Le système de justice accepté par une majorité de la population selon lequel les inégalités sociales peuvent être justifiées par des différences de diplômes obtenus par le mérite, ne peut être défendu que si tel est bien le cas. Pour ce faire, il faudrait que tous les individus aient le même accès aux diplômes de leur choix indépendamment de leur genre, de leur origine sociale ou ethnique, de leur lieu d’habitation, de leur handicap, etc. Malheureusement, ce n’est pas le cas.

Encore aujourd’hui, seulement un tiers des jeunes d’une génération obtient un diplôme de baccalauréat et les enfants des familles les plus favorisées y sont encore surreprésentés. De plus, bien que l’accès au cégep demeure plus égalitaire, seulement 25 % des jeunes dont les parents n’ont pas fait d’études postsecondaires sont présents sur les bancs d’une université.
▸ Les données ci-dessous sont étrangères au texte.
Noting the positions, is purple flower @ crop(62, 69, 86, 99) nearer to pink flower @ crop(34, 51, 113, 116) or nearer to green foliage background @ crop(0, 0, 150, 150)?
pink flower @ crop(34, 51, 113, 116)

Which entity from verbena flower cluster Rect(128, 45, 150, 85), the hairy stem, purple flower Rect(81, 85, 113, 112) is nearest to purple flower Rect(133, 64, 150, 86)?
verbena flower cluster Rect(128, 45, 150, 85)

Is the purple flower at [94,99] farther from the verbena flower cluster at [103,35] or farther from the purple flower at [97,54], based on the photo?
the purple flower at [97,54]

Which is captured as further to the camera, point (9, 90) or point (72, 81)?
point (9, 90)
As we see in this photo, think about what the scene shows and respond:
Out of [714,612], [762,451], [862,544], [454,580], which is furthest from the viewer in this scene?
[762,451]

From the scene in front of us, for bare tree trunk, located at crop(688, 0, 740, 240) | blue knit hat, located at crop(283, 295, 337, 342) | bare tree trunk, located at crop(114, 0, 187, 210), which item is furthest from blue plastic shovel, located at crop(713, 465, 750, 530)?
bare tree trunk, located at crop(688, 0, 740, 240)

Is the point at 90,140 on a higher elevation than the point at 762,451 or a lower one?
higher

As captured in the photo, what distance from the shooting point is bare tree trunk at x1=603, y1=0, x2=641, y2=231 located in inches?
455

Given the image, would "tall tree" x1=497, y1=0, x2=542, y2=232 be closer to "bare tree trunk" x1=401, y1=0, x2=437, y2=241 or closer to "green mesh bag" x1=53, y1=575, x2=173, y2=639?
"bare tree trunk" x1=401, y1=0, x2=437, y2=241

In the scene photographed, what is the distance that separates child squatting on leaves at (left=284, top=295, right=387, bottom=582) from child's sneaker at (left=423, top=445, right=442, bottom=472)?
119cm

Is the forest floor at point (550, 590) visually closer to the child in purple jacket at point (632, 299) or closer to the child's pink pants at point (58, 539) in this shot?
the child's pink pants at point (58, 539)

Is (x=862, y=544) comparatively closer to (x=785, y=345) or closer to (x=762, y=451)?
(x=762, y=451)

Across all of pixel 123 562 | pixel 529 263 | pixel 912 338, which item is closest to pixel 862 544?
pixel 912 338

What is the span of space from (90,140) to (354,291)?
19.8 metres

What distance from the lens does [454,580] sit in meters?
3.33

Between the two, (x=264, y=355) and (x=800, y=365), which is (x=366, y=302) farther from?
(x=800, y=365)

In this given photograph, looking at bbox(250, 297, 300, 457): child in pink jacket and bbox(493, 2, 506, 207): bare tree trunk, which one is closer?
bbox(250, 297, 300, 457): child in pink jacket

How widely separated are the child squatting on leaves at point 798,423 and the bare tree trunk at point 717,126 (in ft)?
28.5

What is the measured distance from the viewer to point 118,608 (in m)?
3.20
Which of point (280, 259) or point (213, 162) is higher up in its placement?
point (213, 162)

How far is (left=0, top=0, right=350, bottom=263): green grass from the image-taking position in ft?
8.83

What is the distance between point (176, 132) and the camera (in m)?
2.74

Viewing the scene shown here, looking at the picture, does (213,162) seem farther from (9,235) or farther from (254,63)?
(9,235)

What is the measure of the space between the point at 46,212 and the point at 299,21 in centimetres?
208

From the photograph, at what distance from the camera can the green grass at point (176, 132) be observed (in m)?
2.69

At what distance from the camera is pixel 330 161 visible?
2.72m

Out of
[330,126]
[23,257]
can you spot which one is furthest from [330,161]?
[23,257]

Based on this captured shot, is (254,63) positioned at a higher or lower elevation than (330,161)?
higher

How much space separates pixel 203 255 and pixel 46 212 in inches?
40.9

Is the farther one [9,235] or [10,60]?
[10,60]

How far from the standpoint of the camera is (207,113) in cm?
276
En amont, l’existence d’un système à trois vitesses (écoles publiques, projets particuliers au public et système privé fréquenté par les plus favorisés) influence les parcours des jeunes et mine l’idée (ou l’idéologie justificatrice des inégalités) selon laquelle notre système d’éducation carbure au mérite. L’inégal accès à l’enseignement collégial selon la fréquentation scolaire au secondaire démontre ce malheureux phénomène.
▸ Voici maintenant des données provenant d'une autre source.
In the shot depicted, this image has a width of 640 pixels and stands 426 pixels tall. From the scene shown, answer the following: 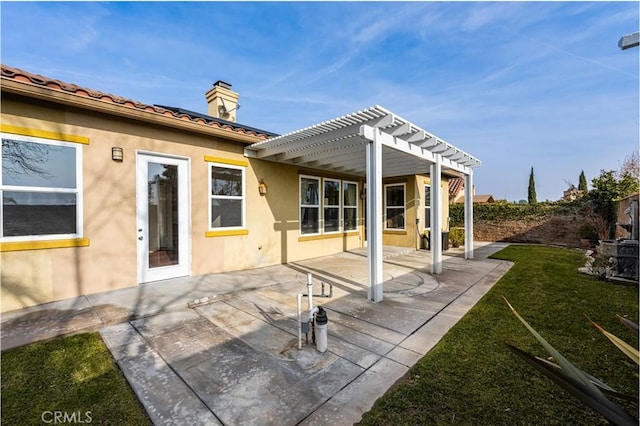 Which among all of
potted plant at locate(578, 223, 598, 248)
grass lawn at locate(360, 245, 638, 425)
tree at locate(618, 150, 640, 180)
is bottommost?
grass lawn at locate(360, 245, 638, 425)

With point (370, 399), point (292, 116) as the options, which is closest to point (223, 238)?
point (370, 399)

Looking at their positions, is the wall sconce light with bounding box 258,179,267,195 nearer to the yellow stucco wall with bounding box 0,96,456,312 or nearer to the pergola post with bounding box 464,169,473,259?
the yellow stucco wall with bounding box 0,96,456,312

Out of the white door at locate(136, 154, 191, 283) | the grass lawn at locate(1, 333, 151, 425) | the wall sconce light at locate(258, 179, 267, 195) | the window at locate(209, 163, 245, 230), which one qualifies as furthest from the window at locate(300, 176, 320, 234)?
the grass lawn at locate(1, 333, 151, 425)

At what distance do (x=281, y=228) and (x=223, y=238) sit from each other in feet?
6.36

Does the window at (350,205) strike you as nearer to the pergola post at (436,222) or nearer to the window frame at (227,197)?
the pergola post at (436,222)

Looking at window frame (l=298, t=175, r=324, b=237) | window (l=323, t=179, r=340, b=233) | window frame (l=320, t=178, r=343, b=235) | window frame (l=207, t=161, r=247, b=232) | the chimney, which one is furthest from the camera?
the chimney

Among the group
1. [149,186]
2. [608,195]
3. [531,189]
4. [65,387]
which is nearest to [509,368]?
[65,387]

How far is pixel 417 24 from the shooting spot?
25.0 feet

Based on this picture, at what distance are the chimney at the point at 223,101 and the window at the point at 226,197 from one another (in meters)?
4.20

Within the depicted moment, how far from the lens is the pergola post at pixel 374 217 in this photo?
16.7 feet

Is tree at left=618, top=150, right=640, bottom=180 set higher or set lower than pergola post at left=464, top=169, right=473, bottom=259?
higher

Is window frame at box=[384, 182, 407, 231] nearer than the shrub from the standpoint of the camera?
Yes

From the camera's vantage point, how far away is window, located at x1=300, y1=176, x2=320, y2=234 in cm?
920

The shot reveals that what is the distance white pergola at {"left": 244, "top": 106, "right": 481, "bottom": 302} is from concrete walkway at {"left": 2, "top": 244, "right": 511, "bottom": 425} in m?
1.11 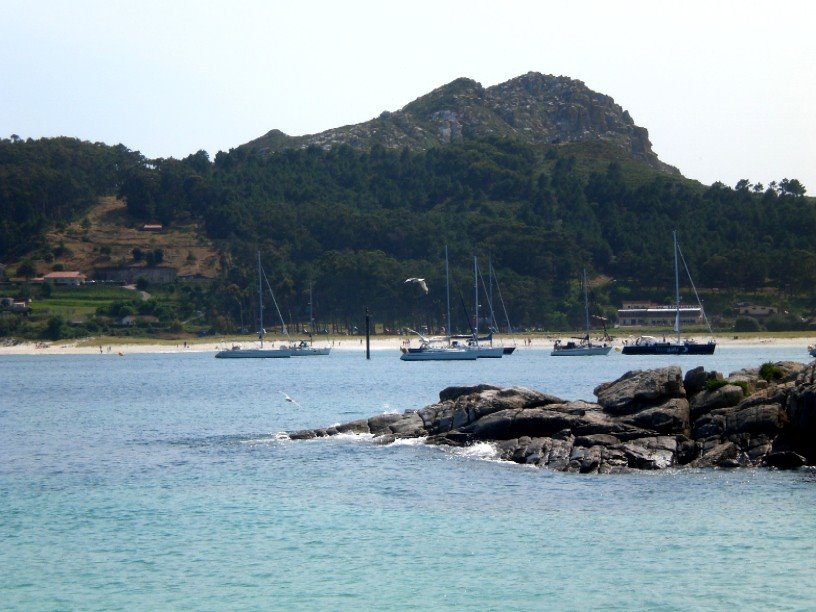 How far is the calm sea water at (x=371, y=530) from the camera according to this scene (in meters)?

Alors que plus de 90 % des jeunes qui fréquentent un programme enrichi à l’école privée poursuivent leurs études postsecondaires, seulement 36 % de celles et ceux inscrits au régulier au secondaire public se retrouve au cégep .[1] Des constats similaires peuvent être faits concernant la diplomation au secondaire selon le milieu d’origine. L’école reproduit, voire accentue les inégalités sociales alors qu’elle devrait permettre de les réduire.    

 

Lutter contre la ségrégation scolaire et l’idéologie méritocratique pour réduire les inégalités

Au regard des parcours scolaires des jeunes Québécoises et Québécois, on ne peut que constater l’inégalité des chances d’accéder au diplôme. Cette inégalité scolaire est à la fois provoquée par le statut social des individus, mais également par l’organisation du système éducatif. Ce dernier, en plus de ne pas effacer les déterminants sociaux de la réussite, agit davantage comme une « machine à trier » les jeunes selon leurs origines plutôt que par leur mérite.
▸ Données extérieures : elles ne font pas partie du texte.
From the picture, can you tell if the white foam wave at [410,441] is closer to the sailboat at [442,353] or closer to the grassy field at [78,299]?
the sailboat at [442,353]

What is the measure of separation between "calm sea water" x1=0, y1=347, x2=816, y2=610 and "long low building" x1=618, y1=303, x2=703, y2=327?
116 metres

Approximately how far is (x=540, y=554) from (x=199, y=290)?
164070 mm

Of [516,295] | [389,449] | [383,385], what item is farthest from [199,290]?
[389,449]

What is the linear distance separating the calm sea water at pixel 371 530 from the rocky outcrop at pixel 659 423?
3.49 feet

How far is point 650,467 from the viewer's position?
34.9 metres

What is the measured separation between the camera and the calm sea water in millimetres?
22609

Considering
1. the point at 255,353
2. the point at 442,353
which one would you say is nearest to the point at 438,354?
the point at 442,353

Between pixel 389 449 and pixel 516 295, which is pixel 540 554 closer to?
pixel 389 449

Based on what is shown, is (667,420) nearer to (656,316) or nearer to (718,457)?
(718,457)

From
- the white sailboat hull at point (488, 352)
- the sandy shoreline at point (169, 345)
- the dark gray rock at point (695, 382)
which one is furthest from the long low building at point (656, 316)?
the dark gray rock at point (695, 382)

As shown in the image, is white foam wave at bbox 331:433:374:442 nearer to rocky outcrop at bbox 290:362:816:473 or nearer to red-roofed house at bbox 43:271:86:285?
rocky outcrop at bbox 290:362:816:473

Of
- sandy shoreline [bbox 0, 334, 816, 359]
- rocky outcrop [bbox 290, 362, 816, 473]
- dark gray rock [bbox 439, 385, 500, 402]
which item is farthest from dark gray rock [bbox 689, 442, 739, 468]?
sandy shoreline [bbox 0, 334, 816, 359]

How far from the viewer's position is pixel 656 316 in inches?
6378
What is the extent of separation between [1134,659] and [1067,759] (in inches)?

C’est bien à partir de ces constats que l’on devrait davantage critiquer la légitimité de la hiérarchie sociale actuelle créatrice d’inégalités de revenu, c’est-à-dire les inégalités sociales. Outre la réduction des écarts de revenu (et d’un retour sur terre du monde de la finance !), l’adoption de politiques éducatives visant la mixité sociale, la fin du système à trois vitesses, la remise en question des modes de sélection et d’évaluation dans les parcours scolaires permettraient de rendre l’école québécoise plus juste.

 

[1] Pierre Canissius Kamanzi, Pierre Doray et Christian Maroy, tous cités dans le rapport du CSÉ, ont récemment publié des recherches sur ce thème.